## Work task
Each line in the records that mentions the word "Apartamento" needs to be listed.

[[ Source information, beginning ]]

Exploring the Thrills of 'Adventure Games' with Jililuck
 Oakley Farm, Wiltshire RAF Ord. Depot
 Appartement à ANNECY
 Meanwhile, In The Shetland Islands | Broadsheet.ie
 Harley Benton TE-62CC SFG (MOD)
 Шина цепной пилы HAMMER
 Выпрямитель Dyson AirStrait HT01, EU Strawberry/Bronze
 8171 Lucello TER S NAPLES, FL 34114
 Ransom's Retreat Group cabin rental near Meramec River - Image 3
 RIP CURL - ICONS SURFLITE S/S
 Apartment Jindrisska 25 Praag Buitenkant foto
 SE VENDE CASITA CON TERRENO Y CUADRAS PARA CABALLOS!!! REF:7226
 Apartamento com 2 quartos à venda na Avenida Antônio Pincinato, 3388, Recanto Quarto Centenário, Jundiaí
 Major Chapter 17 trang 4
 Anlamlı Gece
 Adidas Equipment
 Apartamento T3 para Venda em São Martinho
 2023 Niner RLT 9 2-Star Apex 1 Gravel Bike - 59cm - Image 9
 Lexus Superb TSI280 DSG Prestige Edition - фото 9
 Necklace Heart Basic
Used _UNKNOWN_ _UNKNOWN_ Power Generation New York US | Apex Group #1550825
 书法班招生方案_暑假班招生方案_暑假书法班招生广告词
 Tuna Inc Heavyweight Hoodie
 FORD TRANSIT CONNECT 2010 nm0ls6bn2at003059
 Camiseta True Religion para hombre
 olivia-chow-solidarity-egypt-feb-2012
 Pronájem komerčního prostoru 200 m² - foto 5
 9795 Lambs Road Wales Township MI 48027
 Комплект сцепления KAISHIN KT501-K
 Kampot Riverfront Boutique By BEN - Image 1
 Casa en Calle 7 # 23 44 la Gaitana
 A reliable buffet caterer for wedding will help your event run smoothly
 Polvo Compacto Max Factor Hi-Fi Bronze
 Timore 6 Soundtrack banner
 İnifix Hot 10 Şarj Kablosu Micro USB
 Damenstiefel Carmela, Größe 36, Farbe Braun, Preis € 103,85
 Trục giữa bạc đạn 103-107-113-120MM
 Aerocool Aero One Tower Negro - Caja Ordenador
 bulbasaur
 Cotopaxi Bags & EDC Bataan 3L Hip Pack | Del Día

[[ Source information, end ]]

## Solution for this exercise
 Apartamento com 2 quartos à venda na Avenida Antônio Pincinato, 3388, Recanto Quarto Centenário, Jundiaí
 Apartamento T3 para Venda em São Martinho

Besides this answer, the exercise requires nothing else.